- Active: 1917–1918
- Country: France
- Branch: French Air Service
- Type: Fighter Squadron

= Escadrille Spa.82 =

Escadrille Spa.82 (also known as Escadrille N.82) was a French fighter squadron active during the First World War during 1917 and 1918. The squadron served, at various times, on the Western and Italian Fronts, as well as in Flanders. By war's end, the squadron was credited with 26 confirmed aerial victories.

==History==
Escadrille Spa.82 (also known as Escadrille N.82) was formed in January 1917. It was outfitted with a variety of Nieuports and SPADs. It would not be operational until 7 July 1917, when it was tasked to III Armee. In November, it was transferred south to oppose both Romanian and Italian forces. In April 1918, the squadron was returned to the Western Front.

On 27 August 1918, Escadrille Spa.82 was one of four squadrons consolidated into Groupe de Combat 23. On 22 September, the Groupe moved to Flanders until the Armistice on 11 November 1918.
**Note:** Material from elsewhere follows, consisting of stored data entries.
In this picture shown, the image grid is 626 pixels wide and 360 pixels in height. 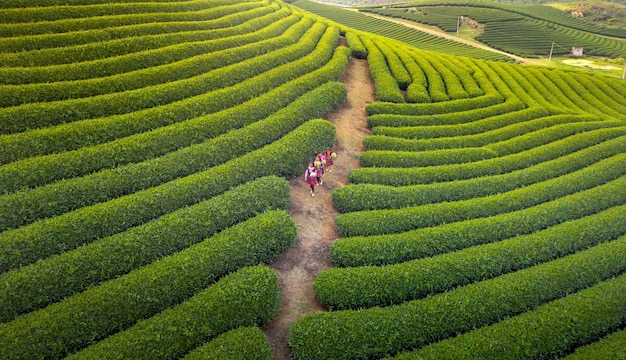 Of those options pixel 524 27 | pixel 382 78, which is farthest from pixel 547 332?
pixel 524 27

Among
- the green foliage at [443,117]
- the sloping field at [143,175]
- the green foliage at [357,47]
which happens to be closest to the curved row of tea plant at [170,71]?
the sloping field at [143,175]

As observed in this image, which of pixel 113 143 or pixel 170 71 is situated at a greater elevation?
pixel 170 71

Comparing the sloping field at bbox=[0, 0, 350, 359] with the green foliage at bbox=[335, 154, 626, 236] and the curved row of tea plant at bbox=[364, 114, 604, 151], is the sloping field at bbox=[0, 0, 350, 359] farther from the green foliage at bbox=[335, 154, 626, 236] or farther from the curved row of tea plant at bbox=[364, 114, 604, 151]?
the green foliage at bbox=[335, 154, 626, 236]

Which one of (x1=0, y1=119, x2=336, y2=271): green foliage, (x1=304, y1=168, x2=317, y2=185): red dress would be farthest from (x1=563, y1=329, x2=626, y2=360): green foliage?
(x1=0, y1=119, x2=336, y2=271): green foliage

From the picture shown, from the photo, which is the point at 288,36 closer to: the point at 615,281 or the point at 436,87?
the point at 436,87

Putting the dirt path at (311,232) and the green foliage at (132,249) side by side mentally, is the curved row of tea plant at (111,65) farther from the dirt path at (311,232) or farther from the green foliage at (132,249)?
the green foliage at (132,249)

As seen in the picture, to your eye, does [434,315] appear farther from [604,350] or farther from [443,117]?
[443,117] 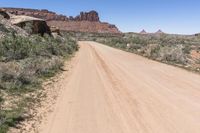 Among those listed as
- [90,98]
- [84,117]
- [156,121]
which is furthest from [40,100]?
[156,121]

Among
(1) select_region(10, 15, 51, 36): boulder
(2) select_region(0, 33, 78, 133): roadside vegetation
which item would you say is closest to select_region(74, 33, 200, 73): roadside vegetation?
(2) select_region(0, 33, 78, 133): roadside vegetation

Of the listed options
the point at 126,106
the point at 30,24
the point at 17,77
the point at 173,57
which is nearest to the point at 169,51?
the point at 173,57

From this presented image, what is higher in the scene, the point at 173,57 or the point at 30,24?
the point at 30,24

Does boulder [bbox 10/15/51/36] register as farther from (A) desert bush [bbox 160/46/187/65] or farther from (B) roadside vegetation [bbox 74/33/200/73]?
(A) desert bush [bbox 160/46/187/65]

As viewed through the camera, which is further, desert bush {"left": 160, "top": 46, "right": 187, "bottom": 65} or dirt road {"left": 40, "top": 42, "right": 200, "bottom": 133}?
desert bush {"left": 160, "top": 46, "right": 187, "bottom": 65}

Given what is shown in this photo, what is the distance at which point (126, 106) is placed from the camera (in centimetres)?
1077

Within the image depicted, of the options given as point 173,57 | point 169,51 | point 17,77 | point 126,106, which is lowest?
point 173,57

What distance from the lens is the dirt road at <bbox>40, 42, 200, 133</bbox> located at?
8.67m

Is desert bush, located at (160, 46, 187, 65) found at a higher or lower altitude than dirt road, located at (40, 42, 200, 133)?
lower

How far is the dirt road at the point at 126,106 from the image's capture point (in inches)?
341

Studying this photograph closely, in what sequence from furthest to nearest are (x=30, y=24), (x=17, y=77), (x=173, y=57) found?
(x=30, y=24) → (x=173, y=57) → (x=17, y=77)

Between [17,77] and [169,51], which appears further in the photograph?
[169,51]

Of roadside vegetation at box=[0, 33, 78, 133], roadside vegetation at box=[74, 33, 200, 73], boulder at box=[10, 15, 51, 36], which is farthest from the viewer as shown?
boulder at box=[10, 15, 51, 36]

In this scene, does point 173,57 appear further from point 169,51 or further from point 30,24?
point 30,24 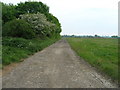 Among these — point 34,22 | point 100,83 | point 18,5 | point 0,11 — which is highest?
point 18,5

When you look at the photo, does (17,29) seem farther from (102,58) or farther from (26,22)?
(102,58)

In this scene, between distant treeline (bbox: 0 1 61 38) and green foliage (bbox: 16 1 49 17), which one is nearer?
distant treeline (bbox: 0 1 61 38)

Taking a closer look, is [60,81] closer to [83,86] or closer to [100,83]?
[83,86]

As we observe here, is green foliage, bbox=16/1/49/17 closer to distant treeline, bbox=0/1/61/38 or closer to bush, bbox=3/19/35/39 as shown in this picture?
distant treeline, bbox=0/1/61/38

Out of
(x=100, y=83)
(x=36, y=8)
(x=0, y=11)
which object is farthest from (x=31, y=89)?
(x=36, y=8)

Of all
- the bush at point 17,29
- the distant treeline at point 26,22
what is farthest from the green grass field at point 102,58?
the distant treeline at point 26,22

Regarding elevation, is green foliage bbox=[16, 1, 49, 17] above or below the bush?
above

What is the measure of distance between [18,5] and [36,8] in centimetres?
481

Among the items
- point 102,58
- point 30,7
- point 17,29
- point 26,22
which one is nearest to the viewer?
point 102,58

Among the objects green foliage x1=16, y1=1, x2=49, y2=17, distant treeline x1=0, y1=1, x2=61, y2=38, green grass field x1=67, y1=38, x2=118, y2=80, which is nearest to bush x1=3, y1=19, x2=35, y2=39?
distant treeline x1=0, y1=1, x2=61, y2=38

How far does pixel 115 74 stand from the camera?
289 inches

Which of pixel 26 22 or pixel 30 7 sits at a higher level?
pixel 30 7

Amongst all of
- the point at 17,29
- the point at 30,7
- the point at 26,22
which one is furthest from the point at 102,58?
the point at 30,7

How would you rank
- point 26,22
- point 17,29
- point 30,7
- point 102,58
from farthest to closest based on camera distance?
point 30,7
point 26,22
point 17,29
point 102,58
Escadrille Spa.82 was credited with destroying 26 enemy aircraft.

==Commanding officers==

- Lieutenant Raoul Echard: January 1917 until mid-1918
- Lieutenant Marie Lecoq De Kerland: 6 June 1918 until war's end

==Notable members==

- Lieutenant Raoul Echard
- Lieutenant Marie Lecoq De Kerland
- Lieutenant François de Boigne

==Aircraft==

- An assortment of Nieuport and SPAD fighters.